Brief: A faithful copy of every record is needed here. Images must not appear in it.

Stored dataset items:
···

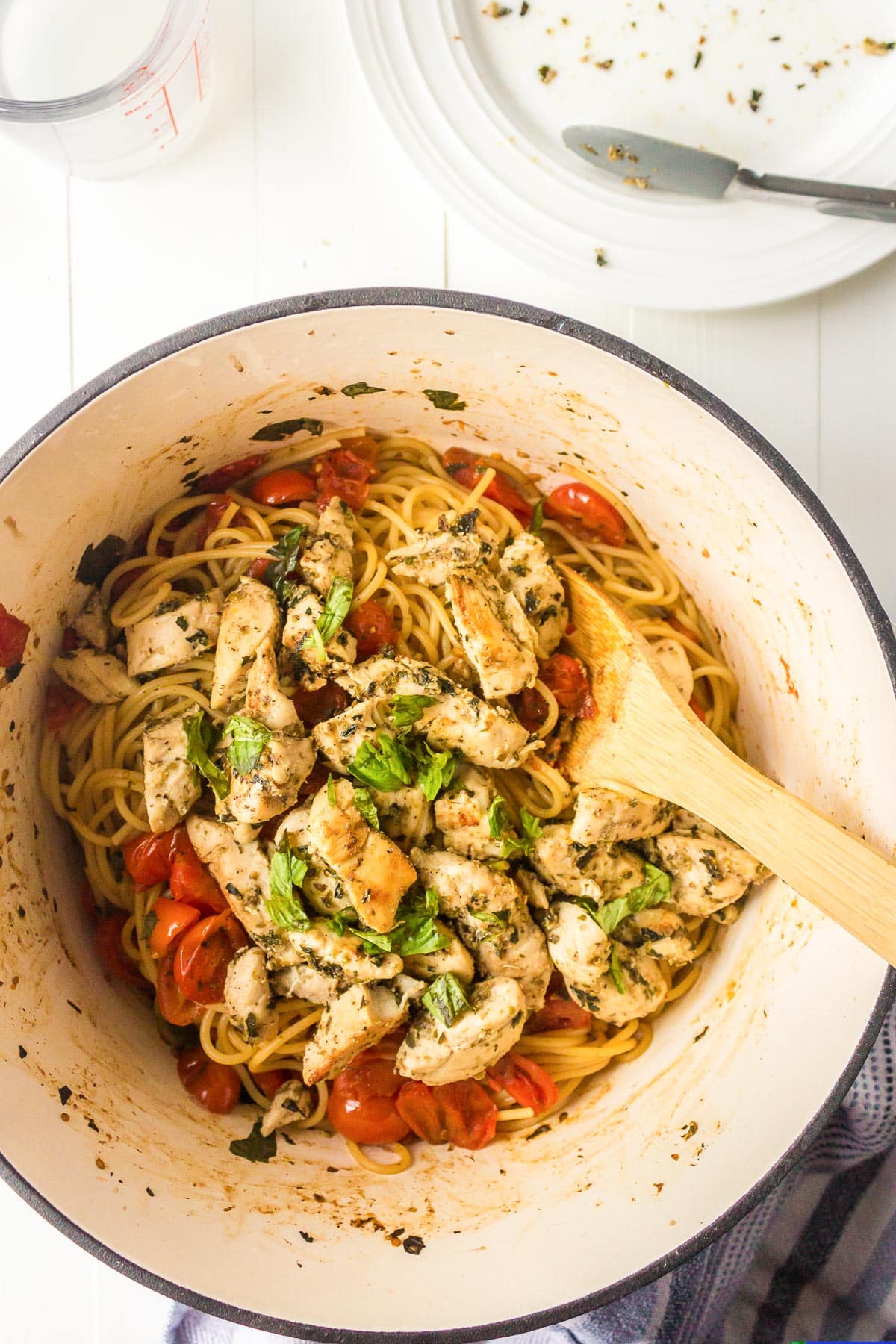 A pot of spaghetti with grilled chicken, cherry tomatoes, and basil, served with a wooden spoon, on a white tabletop.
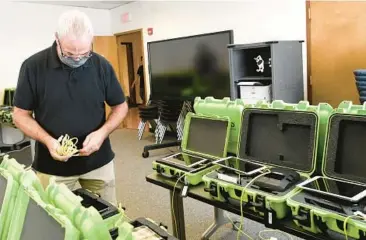  ?? HANS PENNINK/AP 2020 ?? Mark Splonskows­ki assembles electronic pollbooks at the Albany County Board of Elections in Albany, N.Y. Attempts to develop the first set of national standards for electronic voter rolls might not be in place for the 2024 election.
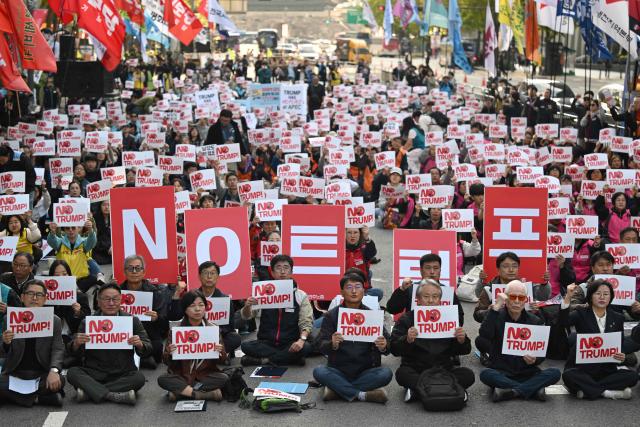 Protesters hold up signs reading "No Trump!" during a rally, condemning US President Donald Trump's pressure for increased South Korean investment in the US, in Seoul on October 25, 2025. Trump headed for Asia on October 25 and high-stakes trade talks with Chinese counterpart Xi Jinping, saying that he would also like to meet North Korean leader Kim Jong Un on his trip. (Photo by Jung Yeon-je / AFP)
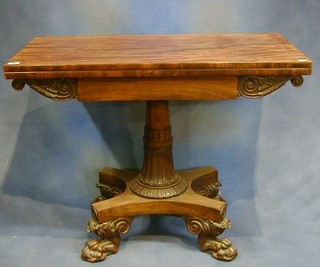 A fine quality William IV carved mahogany card table, raised on a turned and carved column with triform base and raised on 4 hoof supports 36"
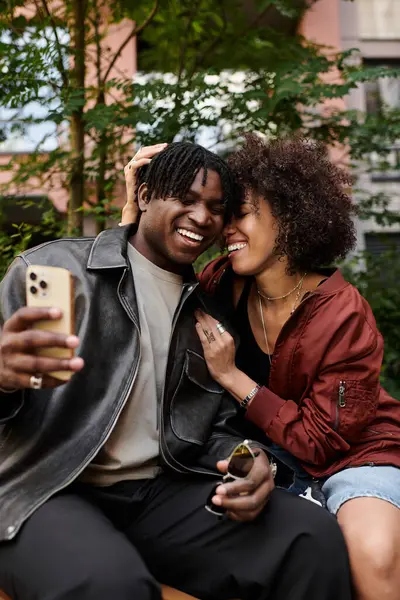 Neşeli genç çift gülüyor ve şehir buluşmalarında hassas bir anı paylaşıyorlar.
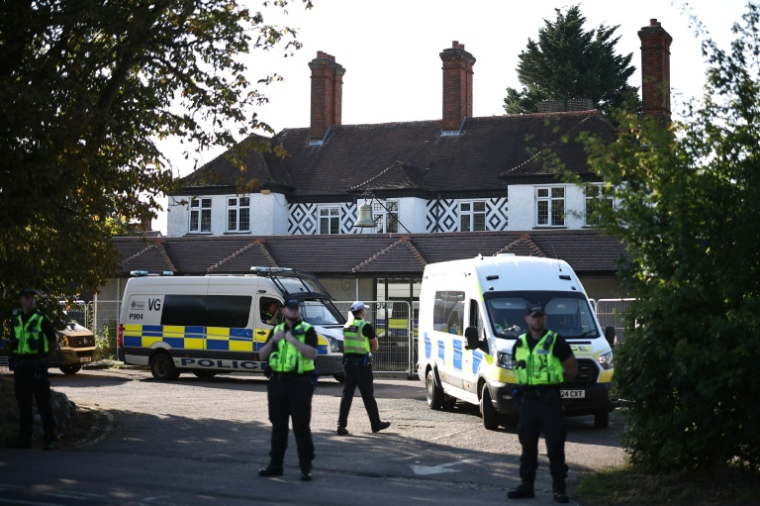 Des policiers devant l'hôtel Bell, censé héberger des demandeurs d'asile, à Epping, au nord-est de Londres, le 8 août 2025, alors que des manifestations de groupes d'extrême droite sont attendues  ( AFP / HENRY NICHOLLS )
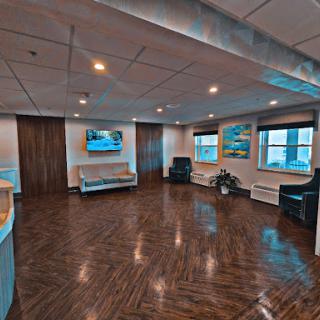 A spacious and modern waiting area featuring comfortable seating and contemporary decor.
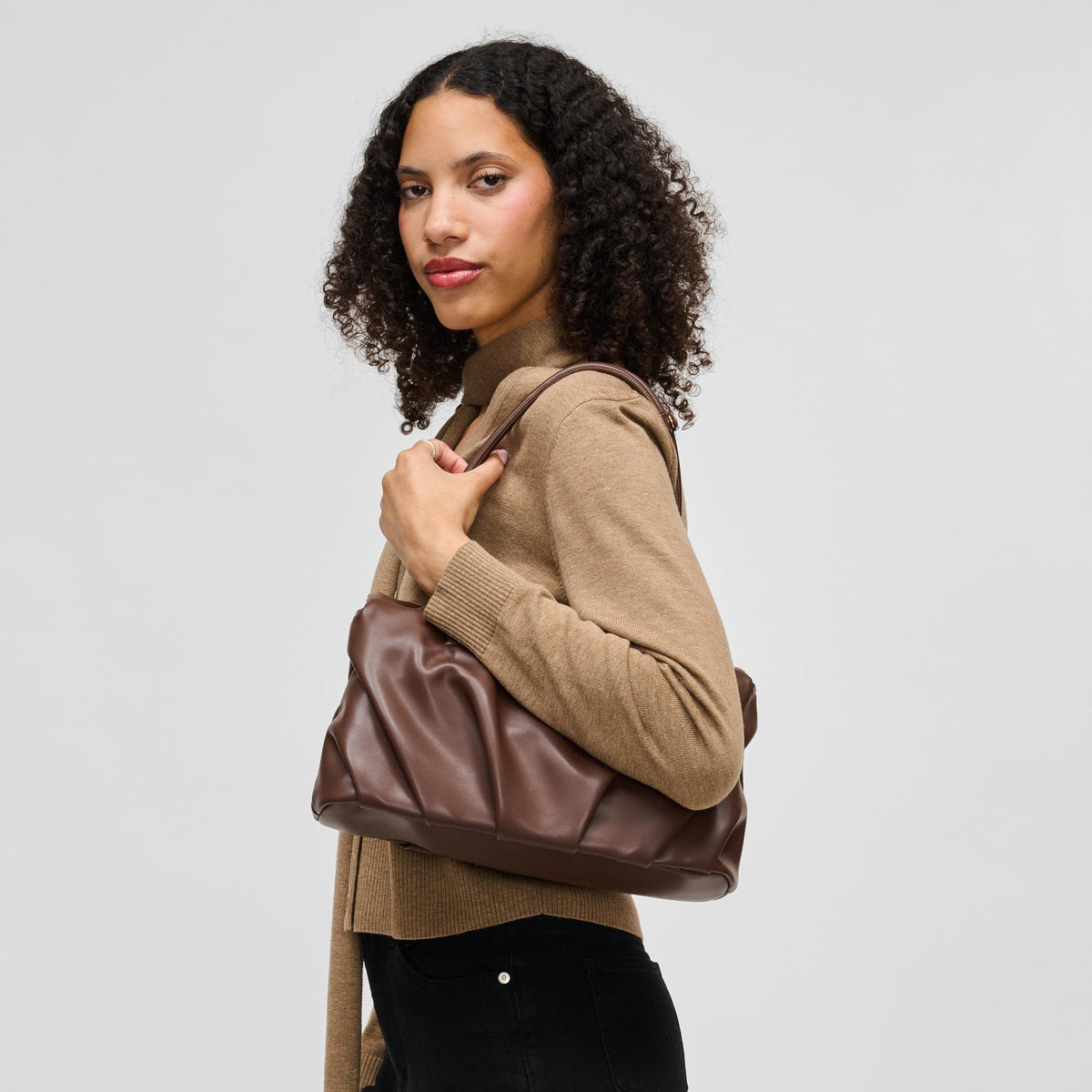 Woman wearing Chocolate Urban Expressions Ryker Satchel 840504213298 View 3 | Chocolate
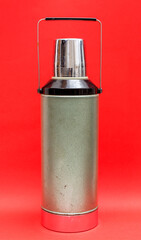 Old style Isolated bottle on red background.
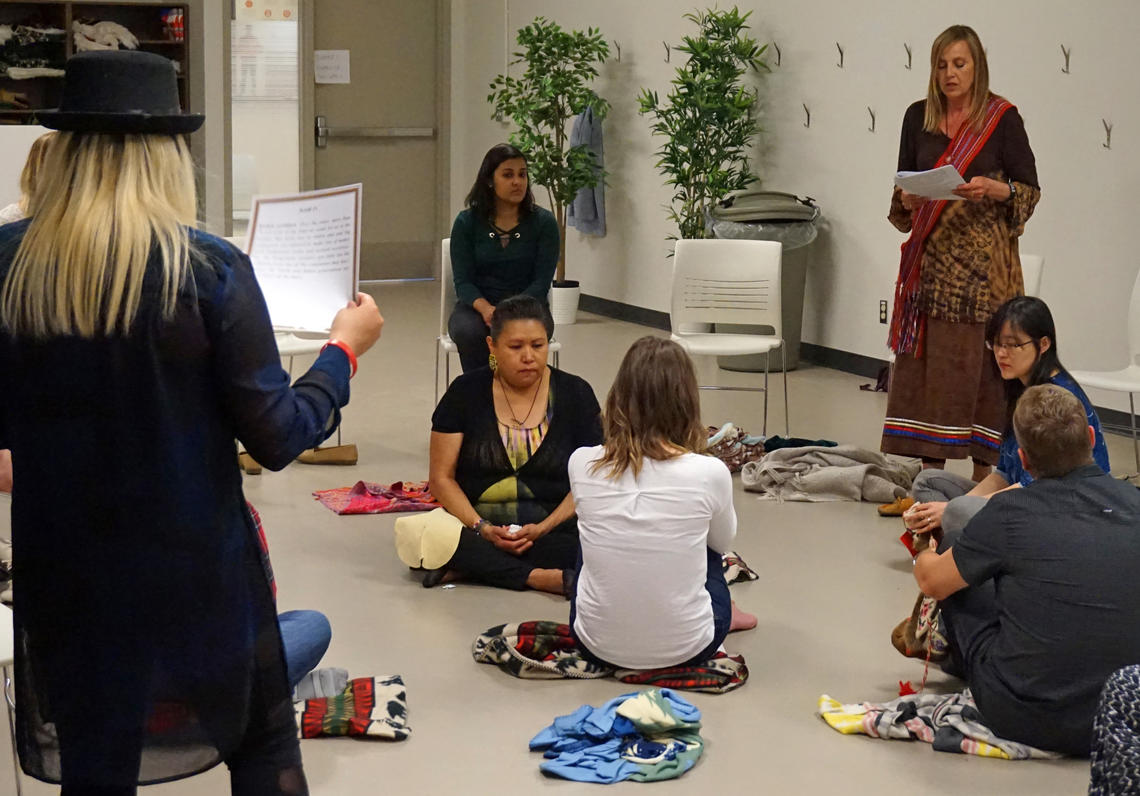 Darlene Cox leads the KAIROS Blanket Exercise during which facilitators read from scrolls detailing Indigenous history.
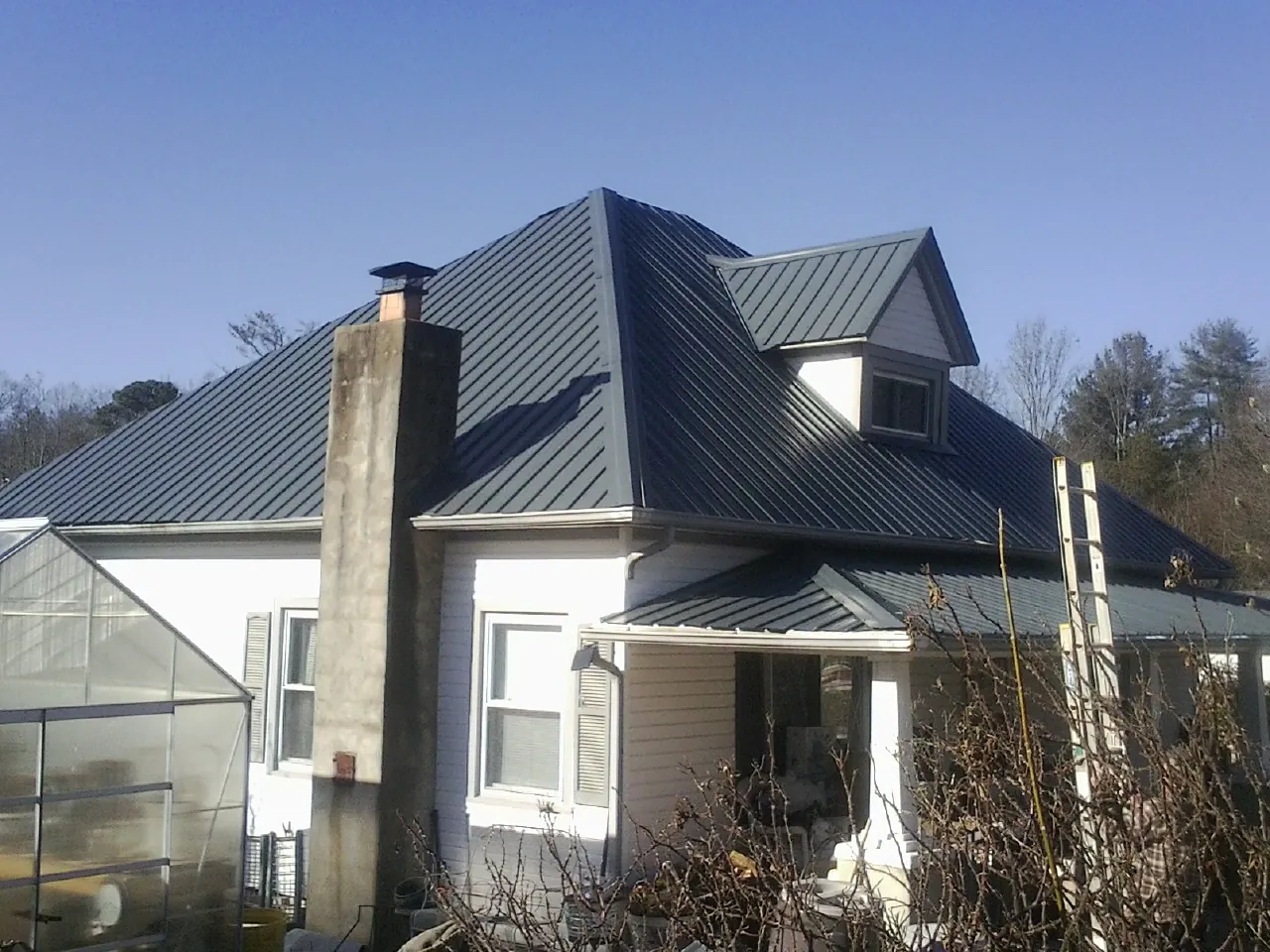 Dark blue standing seam metal roof on a white farmhouse with dormer — Slate & Tile Roof Repair by Roofing Brothers in Kershaw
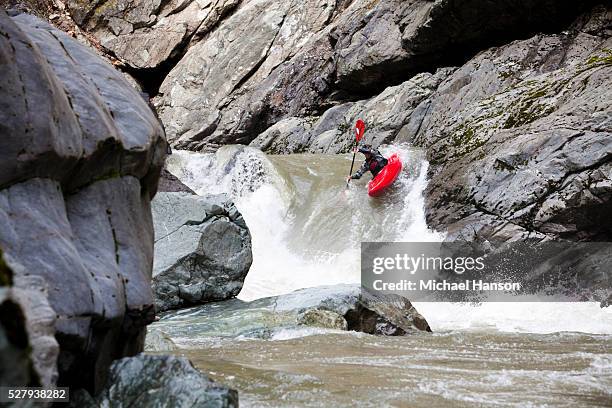 young man kayaking on white water - kayaking rapids stock pictures, royalty-free photos & images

···

Completed task:
 A pot of spaghetti with grilled chicken, cherry tomatoes, and basil, served with a wooden spoon, on a white tabletop.
  ?? HANS PENNINK/AP 2020 ?? Mark Splonskows­ki assembles electronic pollbooks at the Albany County Board of Elections in Albany, N.Y. Attempts to develop the first set of national standards for electronic voter rolls might not be in place for the 2024 election.
 Protesters hold up signs reading "No Trump!" during a rally, condemning US President Donald Trump's pressure for increased South Korean investment in the US, in Seoul on October 25, 2025. Trump headed for Asia on October 25 and high-stakes trade talks with Chinese counterpart Xi Jinping, saying that he would also like to meet North Korean leader Kim Jong Un on his trip. (Photo by Jung Yeon-je / AFP)
 A fine quality William IV carved mahogany card table, raised on a turned and carved column with triform base and raised on 4 hoof supports 36"
 Neşeli genç çift gülüyor ve şehir buluşmalarında hassas bir anı paylaşıyorlar.
 Des policiers devant l'hôtel Bell, censé héberger des demandeurs d'asile, à Epping, au nord-est de Londres, le 8 août 2025, alors que des manifestations de groupes d'extrême droite sont attendues  ( AFP / HENRY NICHOLLS )
 A spacious and modern waiting area featuring comfortable seating and contemporary decor.
 Woman wearing Chocolate Urban Expressions Ryker Satchel 840504213298 View 3 | Chocolate
 Old style Isolated bottle on red background.
 Darlene Cox leads the KAIROS Blanket Exercise during which facilitators read from scrolls detailing Indigenous history.
 Dark blue standing seam metal roof on a white farmhouse with dormer — Slate & Tile Roof Repair by Roofing Brothers in Kershaw
 young man kayaking on white water - kayaking rapids stock pictures, royalty-free photos & images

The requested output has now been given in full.